**EXERCISE**
Gather each line containing the string "Hotel" from these entries.

(Stored dataset items)
-- Opening Marker --
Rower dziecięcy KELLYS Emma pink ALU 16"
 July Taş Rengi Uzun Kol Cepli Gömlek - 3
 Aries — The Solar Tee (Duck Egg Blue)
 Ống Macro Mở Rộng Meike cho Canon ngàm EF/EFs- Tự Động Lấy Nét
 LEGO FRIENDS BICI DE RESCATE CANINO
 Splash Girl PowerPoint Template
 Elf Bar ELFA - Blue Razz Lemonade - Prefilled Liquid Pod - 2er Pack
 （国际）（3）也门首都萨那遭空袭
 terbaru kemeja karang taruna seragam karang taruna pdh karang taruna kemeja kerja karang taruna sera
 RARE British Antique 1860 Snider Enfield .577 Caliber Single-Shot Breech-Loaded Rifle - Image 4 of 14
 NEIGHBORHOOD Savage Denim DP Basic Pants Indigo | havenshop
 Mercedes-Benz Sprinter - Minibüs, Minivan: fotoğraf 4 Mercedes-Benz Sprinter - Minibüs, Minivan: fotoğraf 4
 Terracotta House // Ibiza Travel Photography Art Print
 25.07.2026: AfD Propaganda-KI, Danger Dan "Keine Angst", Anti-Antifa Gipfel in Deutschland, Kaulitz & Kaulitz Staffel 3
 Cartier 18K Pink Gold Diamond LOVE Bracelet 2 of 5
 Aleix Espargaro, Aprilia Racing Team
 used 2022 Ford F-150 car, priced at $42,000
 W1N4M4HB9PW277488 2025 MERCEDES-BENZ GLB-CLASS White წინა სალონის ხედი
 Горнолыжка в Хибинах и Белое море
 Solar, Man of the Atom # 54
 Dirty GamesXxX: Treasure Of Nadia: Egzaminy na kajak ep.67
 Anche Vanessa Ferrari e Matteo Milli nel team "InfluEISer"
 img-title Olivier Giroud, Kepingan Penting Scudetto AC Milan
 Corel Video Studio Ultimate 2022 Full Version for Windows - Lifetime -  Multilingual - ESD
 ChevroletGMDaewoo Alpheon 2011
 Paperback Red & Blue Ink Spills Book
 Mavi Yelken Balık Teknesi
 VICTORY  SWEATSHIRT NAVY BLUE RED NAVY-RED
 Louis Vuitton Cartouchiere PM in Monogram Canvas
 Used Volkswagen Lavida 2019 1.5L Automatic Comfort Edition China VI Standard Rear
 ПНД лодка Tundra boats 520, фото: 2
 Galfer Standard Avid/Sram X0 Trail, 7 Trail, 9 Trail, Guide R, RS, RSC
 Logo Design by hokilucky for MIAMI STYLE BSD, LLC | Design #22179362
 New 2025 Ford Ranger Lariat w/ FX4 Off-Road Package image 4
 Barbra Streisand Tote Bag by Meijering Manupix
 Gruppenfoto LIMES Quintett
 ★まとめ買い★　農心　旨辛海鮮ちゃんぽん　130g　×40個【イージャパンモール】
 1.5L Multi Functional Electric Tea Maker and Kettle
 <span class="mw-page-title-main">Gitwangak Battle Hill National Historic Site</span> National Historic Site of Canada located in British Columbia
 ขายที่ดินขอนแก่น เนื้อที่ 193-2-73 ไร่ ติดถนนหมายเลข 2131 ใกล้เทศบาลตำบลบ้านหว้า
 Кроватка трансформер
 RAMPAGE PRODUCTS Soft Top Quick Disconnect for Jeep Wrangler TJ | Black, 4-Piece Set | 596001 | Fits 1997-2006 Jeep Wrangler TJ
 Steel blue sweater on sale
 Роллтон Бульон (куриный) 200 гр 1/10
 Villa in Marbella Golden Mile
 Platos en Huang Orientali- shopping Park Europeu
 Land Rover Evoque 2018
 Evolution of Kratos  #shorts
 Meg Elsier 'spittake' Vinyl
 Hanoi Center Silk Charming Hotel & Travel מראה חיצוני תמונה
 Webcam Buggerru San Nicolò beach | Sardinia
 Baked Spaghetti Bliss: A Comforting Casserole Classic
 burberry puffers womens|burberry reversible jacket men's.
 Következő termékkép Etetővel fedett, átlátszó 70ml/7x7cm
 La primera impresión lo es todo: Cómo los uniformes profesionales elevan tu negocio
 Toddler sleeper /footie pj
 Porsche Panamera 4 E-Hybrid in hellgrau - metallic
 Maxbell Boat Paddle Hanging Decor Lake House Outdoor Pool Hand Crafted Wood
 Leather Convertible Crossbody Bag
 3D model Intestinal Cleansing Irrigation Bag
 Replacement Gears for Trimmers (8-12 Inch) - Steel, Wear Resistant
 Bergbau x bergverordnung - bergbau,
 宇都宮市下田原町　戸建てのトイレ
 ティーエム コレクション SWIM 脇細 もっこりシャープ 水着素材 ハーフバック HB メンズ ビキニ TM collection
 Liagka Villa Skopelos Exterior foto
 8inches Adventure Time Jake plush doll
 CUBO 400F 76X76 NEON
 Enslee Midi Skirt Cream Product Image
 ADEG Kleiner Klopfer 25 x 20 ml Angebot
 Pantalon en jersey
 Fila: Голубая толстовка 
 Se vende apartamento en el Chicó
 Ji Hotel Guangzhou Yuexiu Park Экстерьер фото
-- Closing Marker --
**ANSWER BOX**
 Hanoi Center Silk Charming Hotel & Travel מראה חיצוני תמונה
 Ji Hotel Guangzhou Yuexiu Park Экстерьер фото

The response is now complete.